10 Things NEVER to say to a teenager

From hormones to peer pressure, a number of issues can stop a young person from working effectively. So, if there is a problem, it’s possibly nothing to do with you. But to be sure, run your eyes over this checklist of motivational gems otherwise known as the top 10 shortcuts to producing suffering and underachievement in your teenager.

Negative hypnotic suggestions: “You’ll kick yourself when you open that letter!”
By depicting the hard world that awaits all slackers (homeless, poverty, and social exclusion) you hope to kick your teenager into action. Maybe your teen will reward you by staring a bit at the computer screen, but they will relapse again. Why? The problem is that you have painted a vivid image of failure in your teenagers mind, one to which their unconscious mind may become deeply attached.

Loose warnings: “You’ll never get a proper job if you carry on like this.”
Warnings can only motivate if they are specific. You are going on about vague terms!

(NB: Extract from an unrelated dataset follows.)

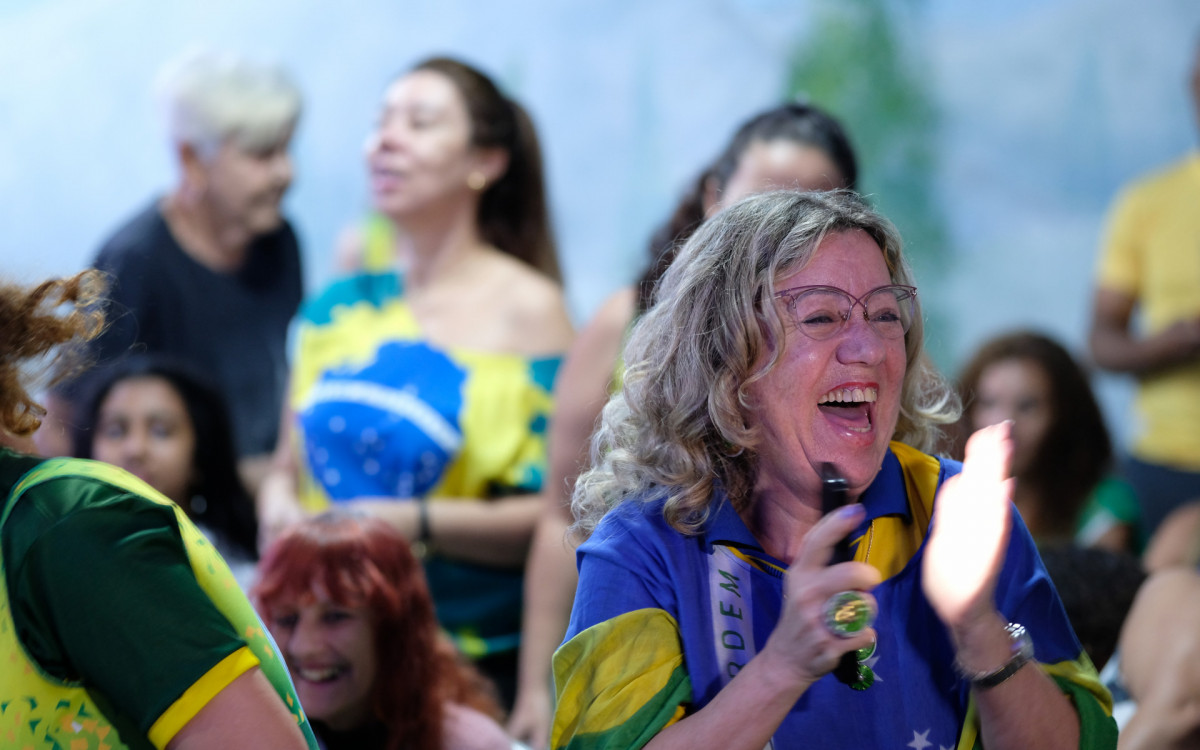 Torcedoras assistem partida entre Brasil e Panam&aacute; pela estreia da Copa do Mundo Feminina. Na foto, Yolanda Braconnot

Attitude matter more than where you went and what you got. Well, luckily your teen has got plenty of attitude.

Labels: “You’re lazy!”
Underlying issue like a study block, difficulty with the subject or a personal conflict will remain unidentified and therefore disruptive if labels are just thrown around. The most you can say if you’ve noticed that your teen hasn’t done much revision is that you’ve noticed that they haven’t done much revision.

Condescension: “You don’t know the meaning of hard work!”
To an adult, teenager’s experiences may be laughable, but to a teenager they are real. You job is to bridge that gap and find out why they might be slamming doors and procrastinating. And don’t expect them to know.

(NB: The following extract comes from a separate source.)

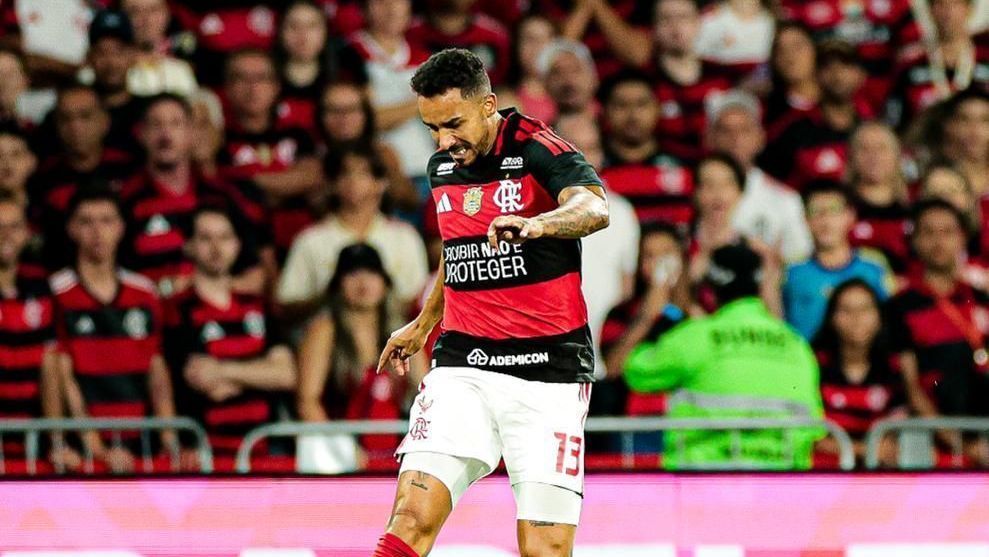 Danilo, do Flamengo, se pronuncia após cirurgia e faz brincadeira com filho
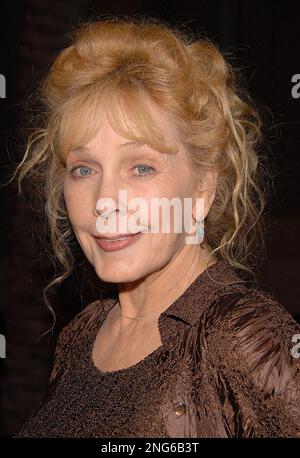 L’actrice Stella Stevens est décédée aujourd’hui après une longue bataille contre la maladie d’Alzheimer à l’âge de 84 ans à Los Angeles, en Californie. Sur 17 février 2023. 6 octobre 2006 Los Angeles, Californie Stella Stevens le Festival du film d'aventure Jules Verne Hommages au Temple Auditorium © AFF-USA.COM Banque D'Images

Comparisons: “Your little sister’s got her act together!”
Perhaps you think it’s a good idea to encourage your teenager to notice how much better others are doing. But the best way to help is to mind your own business and support your teenager. A young person who knows that their parents love isn’t conditional on exam results will be confident and single-minded.


Carrots/sticks: “I will/won’t buy you that nice car if you pass/fail.”
Rewards and punishments are flip sides of the same coin, betraying that you regard education as intrinsically dull or pointless and that you’re desperate about grades.

Emotional blackmail: “I’m happy so long as you do your best.”
Attaching your well-being to your teenager’s performance can only be ethical if you’re offering to pay their bills for rehab!

Disparaging time off: “Shouldn’t you be working?”
Revision has to be the most demanding of all desk jobs. Without time off, people also under-perform because leaning is consolidated through breaks and sleep. By now you probably suspect that there’s nothing you can say without being held responsible for your teenager’s academic downfall. But most parents have one more trick up their sleeve…

Giving them “The Look”
I saw that.

Why is the revision planner that you provided your teenager with in March still totally blank? Well, read these you should NEVER say and find out what you have done wrong.